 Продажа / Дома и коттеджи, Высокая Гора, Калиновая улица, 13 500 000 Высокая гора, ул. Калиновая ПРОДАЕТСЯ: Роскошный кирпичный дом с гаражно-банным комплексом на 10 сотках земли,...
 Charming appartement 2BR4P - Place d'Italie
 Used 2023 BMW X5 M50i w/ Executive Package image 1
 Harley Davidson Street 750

◆ ◆ ◆ ◆ ◆ ◆ ◆

- Task to complete
Restate the data exactly, keeping every line intact.

- Written answer
 Продажа / Дома и коттеджи, Высокая Гора, Калиновая улица, 13 500 000 Высокая гора, ул. Калиновая ПРОДАЕТСЯ: Роскошный кирпичный дом с гаражно-банным комплексом на 10 сотках земли,...
 Charming appartement 2BR4P - Place d'Italie
 Used 2023 BMW X5 M50i w/ Executive Package image 1
 Harley Davidson Street 750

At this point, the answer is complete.